Professor Bezrukov: Let me go through the background of the whole thing. First of all, look at who is profiting from this. There are a whole bunch of arguments why it would be profitable for Britain to have something like that happen and why it would be counterproductive for Russia. That's the thirty thousand feet argument, but it's the most powerful. Things of that type only happen because somebody needs them to happen. Russia absolutely didn't want or need this. However, the leadership of the conservative party in Britain had a huge interest in doing this. If you look at what happened after, you will see that the whole incident is a purposefully fabricated thing.
Let me explain why this is the case.

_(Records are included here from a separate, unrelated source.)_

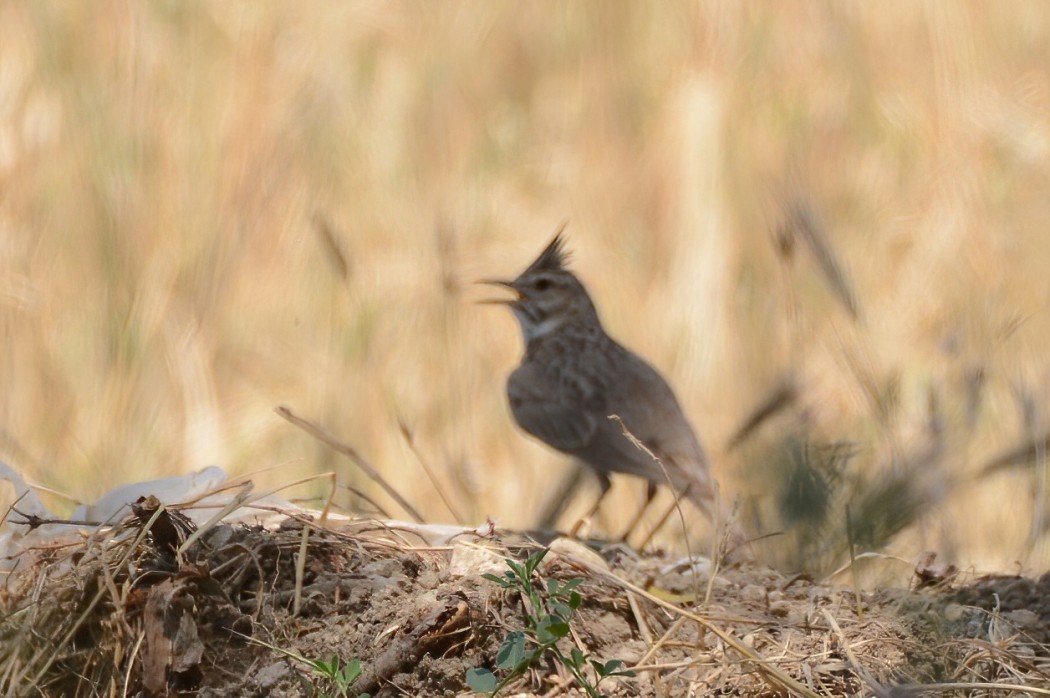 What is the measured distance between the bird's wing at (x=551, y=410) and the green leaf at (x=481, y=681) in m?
2.29

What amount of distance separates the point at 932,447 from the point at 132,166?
108 inches

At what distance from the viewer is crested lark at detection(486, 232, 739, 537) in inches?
167

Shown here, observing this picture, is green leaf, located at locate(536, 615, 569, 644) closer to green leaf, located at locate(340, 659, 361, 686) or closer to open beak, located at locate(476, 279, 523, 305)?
green leaf, located at locate(340, 659, 361, 686)

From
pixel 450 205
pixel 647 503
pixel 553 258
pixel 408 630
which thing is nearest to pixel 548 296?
pixel 553 258

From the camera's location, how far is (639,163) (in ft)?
17.1

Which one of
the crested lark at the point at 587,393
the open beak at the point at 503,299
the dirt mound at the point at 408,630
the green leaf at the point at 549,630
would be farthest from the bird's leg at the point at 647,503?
the green leaf at the point at 549,630

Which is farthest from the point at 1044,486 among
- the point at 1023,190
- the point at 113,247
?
the point at 113,247

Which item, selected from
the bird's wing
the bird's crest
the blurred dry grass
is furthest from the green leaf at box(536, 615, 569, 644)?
the bird's crest

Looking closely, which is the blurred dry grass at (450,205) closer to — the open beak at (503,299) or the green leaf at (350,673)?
the open beak at (503,299)

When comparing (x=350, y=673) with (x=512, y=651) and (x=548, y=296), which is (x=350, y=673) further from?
(x=548, y=296)

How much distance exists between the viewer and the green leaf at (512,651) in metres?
2.08

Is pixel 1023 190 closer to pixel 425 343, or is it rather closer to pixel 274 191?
pixel 425 343

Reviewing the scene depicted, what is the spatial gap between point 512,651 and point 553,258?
9.25 ft

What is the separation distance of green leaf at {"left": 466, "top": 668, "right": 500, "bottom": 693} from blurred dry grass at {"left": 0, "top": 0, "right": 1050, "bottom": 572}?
1.58m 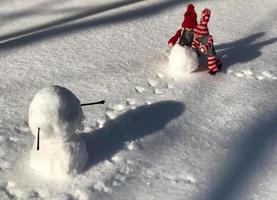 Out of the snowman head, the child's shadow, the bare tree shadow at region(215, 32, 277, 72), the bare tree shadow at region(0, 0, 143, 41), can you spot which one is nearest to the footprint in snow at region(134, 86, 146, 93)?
the child's shadow

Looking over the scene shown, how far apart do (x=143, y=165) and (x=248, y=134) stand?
51 centimetres

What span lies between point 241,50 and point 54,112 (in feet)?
4.52

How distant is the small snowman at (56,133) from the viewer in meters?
1.74

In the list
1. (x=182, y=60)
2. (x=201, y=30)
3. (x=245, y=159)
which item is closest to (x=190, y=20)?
(x=201, y=30)

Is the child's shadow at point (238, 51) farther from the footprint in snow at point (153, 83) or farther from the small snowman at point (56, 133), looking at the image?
the small snowman at point (56, 133)

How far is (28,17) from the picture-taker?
311 cm

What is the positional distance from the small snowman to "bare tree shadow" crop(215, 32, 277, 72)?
3.41 feet

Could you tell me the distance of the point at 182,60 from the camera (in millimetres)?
2447

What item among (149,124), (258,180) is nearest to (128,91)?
(149,124)

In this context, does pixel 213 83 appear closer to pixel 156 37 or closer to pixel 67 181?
pixel 156 37

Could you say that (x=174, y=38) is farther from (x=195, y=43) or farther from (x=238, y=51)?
(x=238, y=51)

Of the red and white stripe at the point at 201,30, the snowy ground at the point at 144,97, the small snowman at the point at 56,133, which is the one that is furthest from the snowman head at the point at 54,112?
the red and white stripe at the point at 201,30

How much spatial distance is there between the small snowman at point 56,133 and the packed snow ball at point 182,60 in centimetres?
76

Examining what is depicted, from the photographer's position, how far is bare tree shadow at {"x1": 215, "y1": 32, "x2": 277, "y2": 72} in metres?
2.65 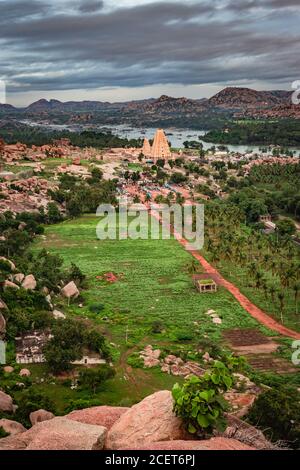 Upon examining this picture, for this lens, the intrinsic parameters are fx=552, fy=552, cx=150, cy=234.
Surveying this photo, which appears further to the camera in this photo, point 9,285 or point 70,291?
point 70,291

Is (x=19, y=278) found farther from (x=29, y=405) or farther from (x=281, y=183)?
(x=281, y=183)

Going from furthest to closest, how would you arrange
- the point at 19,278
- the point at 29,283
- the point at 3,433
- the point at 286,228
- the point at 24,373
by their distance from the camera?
the point at 286,228
the point at 19,278
the point at 29,283
the point at 24,373
the point at 3,433

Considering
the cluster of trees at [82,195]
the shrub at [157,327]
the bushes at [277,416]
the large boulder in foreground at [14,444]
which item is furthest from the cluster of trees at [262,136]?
the large boulder in foreground at [14,444]

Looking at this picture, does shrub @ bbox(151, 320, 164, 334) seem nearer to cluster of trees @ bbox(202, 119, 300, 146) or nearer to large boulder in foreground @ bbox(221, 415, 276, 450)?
large boulder in foreground @ bbox(221, 415, 276, 450)

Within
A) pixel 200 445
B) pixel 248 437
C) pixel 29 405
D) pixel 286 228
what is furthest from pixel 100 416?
pixel 286 228

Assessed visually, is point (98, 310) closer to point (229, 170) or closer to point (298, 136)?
point (229, 170)
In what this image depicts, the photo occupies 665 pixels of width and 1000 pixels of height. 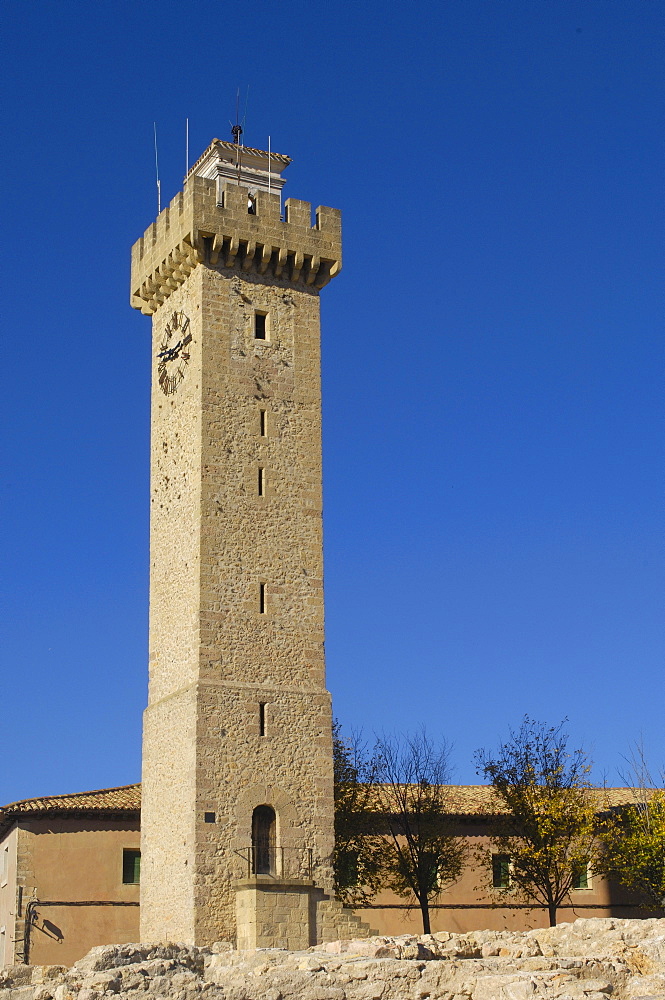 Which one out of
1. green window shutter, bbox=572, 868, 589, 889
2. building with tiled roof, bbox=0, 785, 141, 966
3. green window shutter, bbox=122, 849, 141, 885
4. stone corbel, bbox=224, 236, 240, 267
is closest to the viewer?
stone corbel, bbox=224, 236, 240, 267

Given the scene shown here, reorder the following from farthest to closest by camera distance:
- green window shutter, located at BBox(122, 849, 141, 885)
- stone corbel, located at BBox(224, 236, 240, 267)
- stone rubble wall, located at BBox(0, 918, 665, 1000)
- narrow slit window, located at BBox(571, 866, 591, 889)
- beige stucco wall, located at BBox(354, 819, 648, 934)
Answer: beige stucco wall, located at BBox(354, 819, 648, 934)
narrow slit window, located at BBox(571, 866, 591, 889)
green window shutter, located at BBox(122, 849, 141, 885)
stone corbel, located at BBox(224, 236, 240, 267)
stone rubble wall, located at BBox(0, 918, 665, 1000)

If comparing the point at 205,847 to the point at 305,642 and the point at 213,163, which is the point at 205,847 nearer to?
the point at 305,642

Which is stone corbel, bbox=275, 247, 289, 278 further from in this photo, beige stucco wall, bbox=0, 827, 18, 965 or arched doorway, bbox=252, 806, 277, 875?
beige stucco wall, bbox=0, 827, 18, 965

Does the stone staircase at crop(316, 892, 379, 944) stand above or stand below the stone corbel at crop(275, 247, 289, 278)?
below

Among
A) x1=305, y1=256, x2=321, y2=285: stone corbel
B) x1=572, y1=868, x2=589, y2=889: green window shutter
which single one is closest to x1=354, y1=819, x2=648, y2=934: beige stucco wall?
x1=572, y1=868, x2=589, y2=889: green window shutter

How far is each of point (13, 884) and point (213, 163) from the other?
21.1 metres

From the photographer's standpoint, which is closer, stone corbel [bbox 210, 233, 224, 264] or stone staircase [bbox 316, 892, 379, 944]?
stone staircase [bbox 316, 892, 379, 944]

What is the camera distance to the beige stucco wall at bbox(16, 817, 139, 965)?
38.0m

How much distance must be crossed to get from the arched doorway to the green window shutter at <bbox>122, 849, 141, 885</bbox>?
10.1m

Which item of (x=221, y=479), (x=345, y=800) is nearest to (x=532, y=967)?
(x=221, y=479)

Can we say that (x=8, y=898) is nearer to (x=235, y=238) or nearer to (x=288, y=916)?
(x=288, y=916)

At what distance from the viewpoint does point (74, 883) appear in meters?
38.7

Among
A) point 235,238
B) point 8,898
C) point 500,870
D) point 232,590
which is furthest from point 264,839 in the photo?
point 235,238

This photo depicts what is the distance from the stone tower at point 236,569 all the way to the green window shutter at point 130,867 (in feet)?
25.0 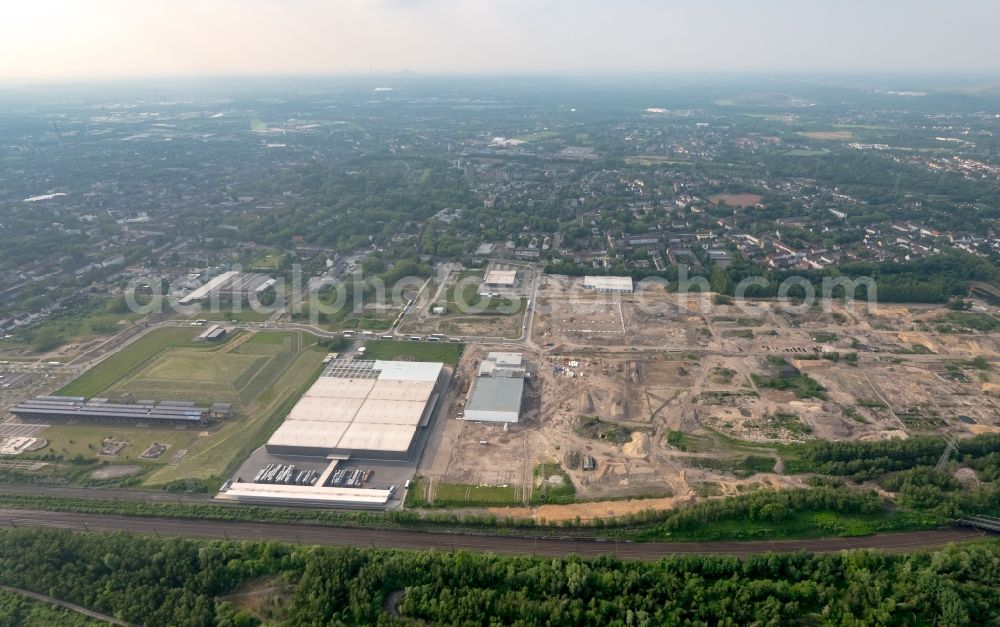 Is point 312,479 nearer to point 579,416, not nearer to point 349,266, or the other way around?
point 579,416

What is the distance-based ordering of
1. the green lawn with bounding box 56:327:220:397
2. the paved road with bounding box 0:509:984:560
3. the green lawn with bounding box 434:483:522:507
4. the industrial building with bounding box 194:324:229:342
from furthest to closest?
the industrial building with bounding box 194:324:229:342 → the green lawn with bounding box 56:327:220:397 → the green lawn with bounding box 434:483:522:507 → the paved road with bounding box 0:509:984:560

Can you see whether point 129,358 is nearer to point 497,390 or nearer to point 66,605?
point 66,605

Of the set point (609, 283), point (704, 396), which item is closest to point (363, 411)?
point (704, 396)

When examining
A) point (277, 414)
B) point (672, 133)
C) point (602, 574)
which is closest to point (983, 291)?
point (602, 574)

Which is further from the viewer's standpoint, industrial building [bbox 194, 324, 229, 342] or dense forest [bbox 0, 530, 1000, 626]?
industrial building [bbox 194, 324, 229, 342]

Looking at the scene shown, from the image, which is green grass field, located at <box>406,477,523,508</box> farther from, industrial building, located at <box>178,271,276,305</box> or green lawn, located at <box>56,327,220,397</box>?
industrial building, located at <box>178,271,276,305</box>

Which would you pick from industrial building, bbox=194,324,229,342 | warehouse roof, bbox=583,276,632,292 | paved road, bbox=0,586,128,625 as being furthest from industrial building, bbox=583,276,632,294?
paved road, bbox=0,586,128,625

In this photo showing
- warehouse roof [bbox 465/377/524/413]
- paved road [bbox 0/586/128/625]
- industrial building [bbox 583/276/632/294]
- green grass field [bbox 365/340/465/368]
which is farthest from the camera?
industrial building [bbox 583/276/632/294]

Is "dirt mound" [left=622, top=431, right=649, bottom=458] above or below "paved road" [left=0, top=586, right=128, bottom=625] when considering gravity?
above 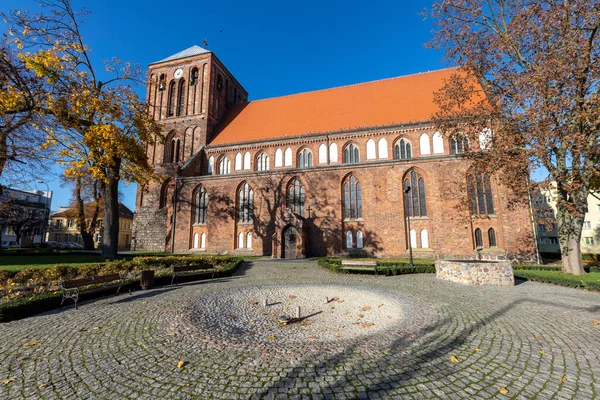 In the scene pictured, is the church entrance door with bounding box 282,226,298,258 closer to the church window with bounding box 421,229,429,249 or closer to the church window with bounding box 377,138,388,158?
the church window with bounding box 421,229,429,249

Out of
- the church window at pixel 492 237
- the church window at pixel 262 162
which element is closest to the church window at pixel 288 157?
the church window at pixel 262 162

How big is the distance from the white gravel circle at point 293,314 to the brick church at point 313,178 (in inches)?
385

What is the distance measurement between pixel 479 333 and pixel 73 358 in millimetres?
6629

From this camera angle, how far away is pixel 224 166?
2828cm

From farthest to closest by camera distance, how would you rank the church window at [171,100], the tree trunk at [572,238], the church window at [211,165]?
the church window at [171,100], the church window at [211,165], the tree trunk at [572,238]

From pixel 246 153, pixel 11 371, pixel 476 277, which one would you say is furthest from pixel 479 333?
pixel 246 153

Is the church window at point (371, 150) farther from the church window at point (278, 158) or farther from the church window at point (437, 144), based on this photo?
the church window at point (278, 158)

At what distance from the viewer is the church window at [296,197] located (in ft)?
76.3

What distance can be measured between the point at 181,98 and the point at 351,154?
21.6m

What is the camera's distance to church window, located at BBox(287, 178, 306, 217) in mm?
23266

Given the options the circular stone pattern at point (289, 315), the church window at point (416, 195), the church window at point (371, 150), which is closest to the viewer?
the circular stone pattern at point (289, 315)

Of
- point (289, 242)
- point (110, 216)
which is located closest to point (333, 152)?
point (289, 242)

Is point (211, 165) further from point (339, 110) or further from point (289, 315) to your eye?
point (289, 315)

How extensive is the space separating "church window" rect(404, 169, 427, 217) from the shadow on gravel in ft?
53.9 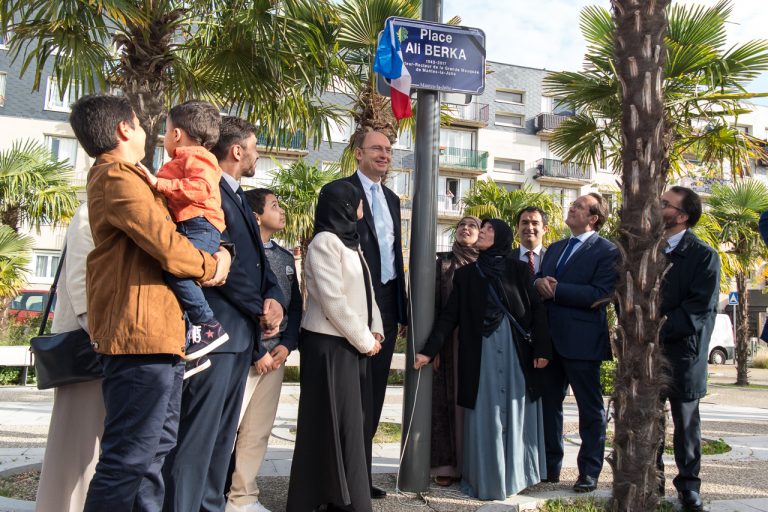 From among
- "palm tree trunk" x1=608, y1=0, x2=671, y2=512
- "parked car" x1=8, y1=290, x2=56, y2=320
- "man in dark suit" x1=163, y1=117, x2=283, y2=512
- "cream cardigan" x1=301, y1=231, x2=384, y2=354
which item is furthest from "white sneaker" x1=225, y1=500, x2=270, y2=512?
"parked car" x1=8, y1=290, x2=56, y2=320

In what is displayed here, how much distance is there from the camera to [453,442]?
16.3 feet

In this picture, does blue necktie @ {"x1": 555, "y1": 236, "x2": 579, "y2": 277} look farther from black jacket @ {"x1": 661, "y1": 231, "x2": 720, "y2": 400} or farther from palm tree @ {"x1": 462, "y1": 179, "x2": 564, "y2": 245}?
palm tree @ {"x1": 462, "y1": 179, "x2": 564, "y2": 245}

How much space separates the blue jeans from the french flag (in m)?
2.24

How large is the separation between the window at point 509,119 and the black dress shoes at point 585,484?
39.4 meters

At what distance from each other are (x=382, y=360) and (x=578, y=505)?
1.55m

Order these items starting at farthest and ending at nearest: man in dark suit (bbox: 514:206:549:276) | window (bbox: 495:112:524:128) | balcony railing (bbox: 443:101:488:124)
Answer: window (bbox: 495:112:524:128) → balcony railing (bbox: 443:101:488:124) → man in dark suit (bbox: 514:206:549:276)

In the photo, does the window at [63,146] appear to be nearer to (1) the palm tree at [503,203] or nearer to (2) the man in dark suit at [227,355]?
(1) the palm tree at [503,203]

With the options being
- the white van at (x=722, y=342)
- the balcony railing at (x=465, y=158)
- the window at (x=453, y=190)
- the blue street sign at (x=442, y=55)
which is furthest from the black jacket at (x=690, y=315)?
the balcony railing at (x=465, y=158)

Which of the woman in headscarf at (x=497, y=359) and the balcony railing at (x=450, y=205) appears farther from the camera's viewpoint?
the balcony railing at (x=450, y=205)

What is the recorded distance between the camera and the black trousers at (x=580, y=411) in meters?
4.87

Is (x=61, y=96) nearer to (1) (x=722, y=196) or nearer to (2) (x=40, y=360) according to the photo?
(2) (x=40, y=360)

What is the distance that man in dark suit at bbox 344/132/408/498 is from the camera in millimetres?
4535

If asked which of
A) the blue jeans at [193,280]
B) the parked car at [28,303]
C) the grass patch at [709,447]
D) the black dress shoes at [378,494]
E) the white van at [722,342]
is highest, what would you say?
the blue jeans at [193,280]

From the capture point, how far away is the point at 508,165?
4269 centimetres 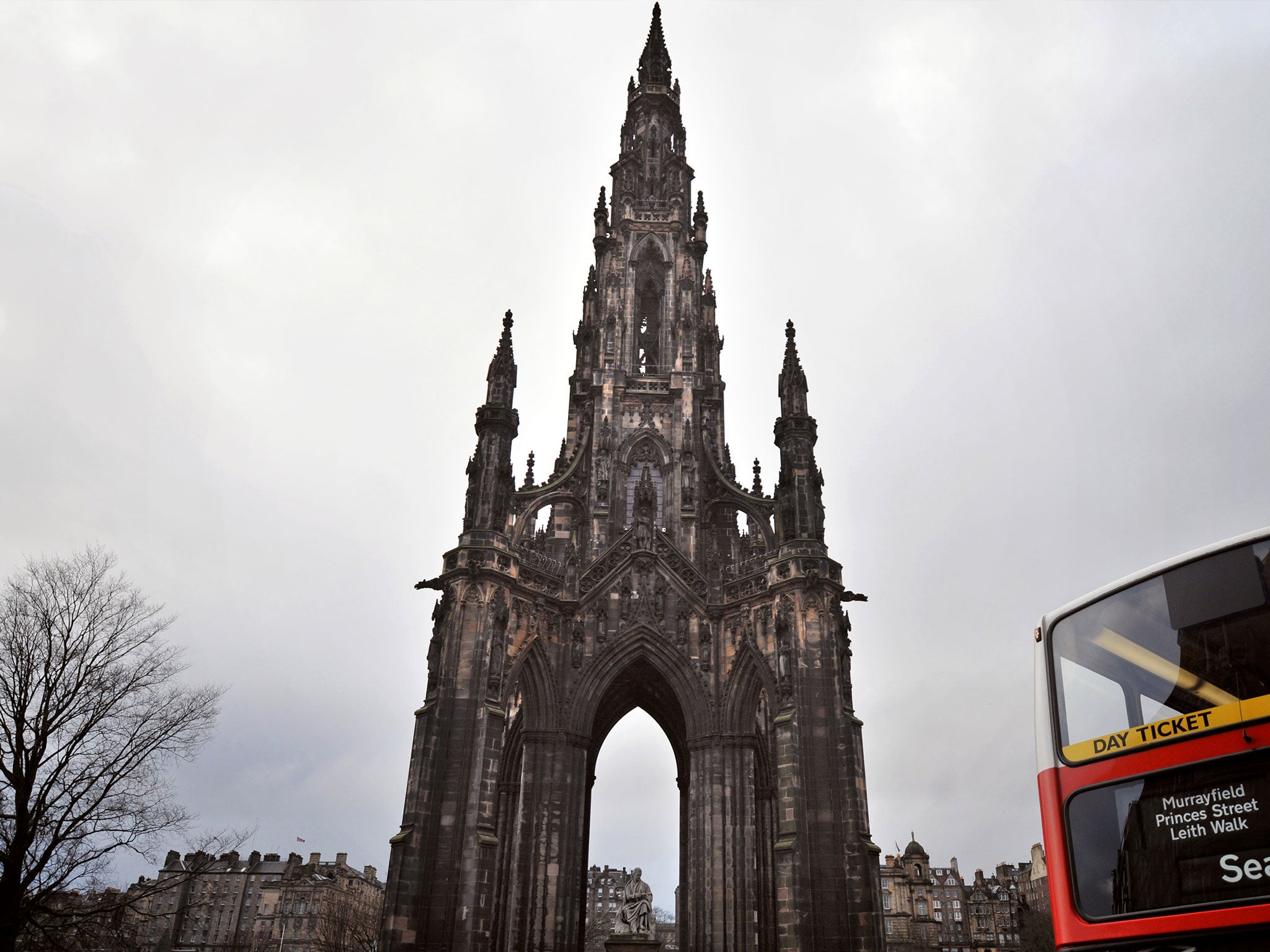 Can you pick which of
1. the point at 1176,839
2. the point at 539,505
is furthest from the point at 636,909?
the point at 1176,839

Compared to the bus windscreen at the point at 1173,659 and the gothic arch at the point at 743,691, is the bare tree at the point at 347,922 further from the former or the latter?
the bus windscreen at the point at 1173,659

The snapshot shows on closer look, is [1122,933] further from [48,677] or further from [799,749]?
[48,677]

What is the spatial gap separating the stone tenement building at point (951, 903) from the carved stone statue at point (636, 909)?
47427mm

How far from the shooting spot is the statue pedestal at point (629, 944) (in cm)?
2136

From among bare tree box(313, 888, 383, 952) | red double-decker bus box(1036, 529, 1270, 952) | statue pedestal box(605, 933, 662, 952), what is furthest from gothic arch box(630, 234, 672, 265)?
bare tree box(313, 888, 383, 952)

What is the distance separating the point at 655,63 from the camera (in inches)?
1571

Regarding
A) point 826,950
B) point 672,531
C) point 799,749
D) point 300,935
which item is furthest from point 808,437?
point 300,935

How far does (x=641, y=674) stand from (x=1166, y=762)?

If the British authorities had serious evidence of Russian involvement, they would certainly do the following: they would have a very open investigation, including Russian participation. Then when that evidence is obvious to everybody, they would shove it in Russia's face as irrefutable. That would be the biggest bang for the buck, as Americans would say. But, they did the opposite. They didn't share any evidence, and the evidence that they shared were just suggestions, hearsay, or extrapolations of twisted history. From a professional point of view, it wasn't evidence at all.
On the other side, Mr. Skripal and his daughter suddenly disappeared completely, and no one is talking about them. Where are they? I am sure they are alive and well [as of the date of the interview]. From a technical point of view, all the inconsistencies in this case show that it was created as it went along. There was no real body of evidence around which you could irrefutably build a case. Never did it go straight to the essentials, like who took part or with exactly what.
I could give my version of things. As our Foreign Minister Lavrov was saying, it could have been a non-lethal chemical agent. You could incapacitate those people and take them to the hospital, where you could give them anything you want, and nobody would ever know. There is evidence now that Novichok was produced in a few countries, the Czech Republic and Germany including. Alternatively, you could even give them nothing, and they would just be at the hospital quietly hidden there from the public view. Nobody has seen them since anyways [as of the date of the interview]. Then, you could plant any evidence you want in their house. Being that Britain is a security-obsessed place with cameras everywhere, where is one shred of evidence on who did it and how it was done? Obviously, no one can talk to the alleged victims. One is a Russian citizen, so not letting our consular officer see her is, in itself, the violation of international law. This is exactly why they aren't talking about it right now at all. Because people start asking questions about the real evidence. Now the British government prefers that this matter will go away as quickly as possible.
If there was a real problem or someone was really poisoned, and I were the British authorities, then I would have Skripal himself along with his daughter constantly on TV in a bad condition. They would be giving press conferences on how bad they feel and talking about how they were in a coma for months in order to raise public sympathy. Where are they? They're happy somewhere. I'm joking of course, but it's a made-up story. This was done with very specific goals in mind. Firstly, to mobilize Europe against Russia, to win local elections on May 3, and maybe on top of that Boris Johnson wanted to kick Theresa May in the butt to make her liberate the place quicker. He profited the most, and all the fallout later will be on her.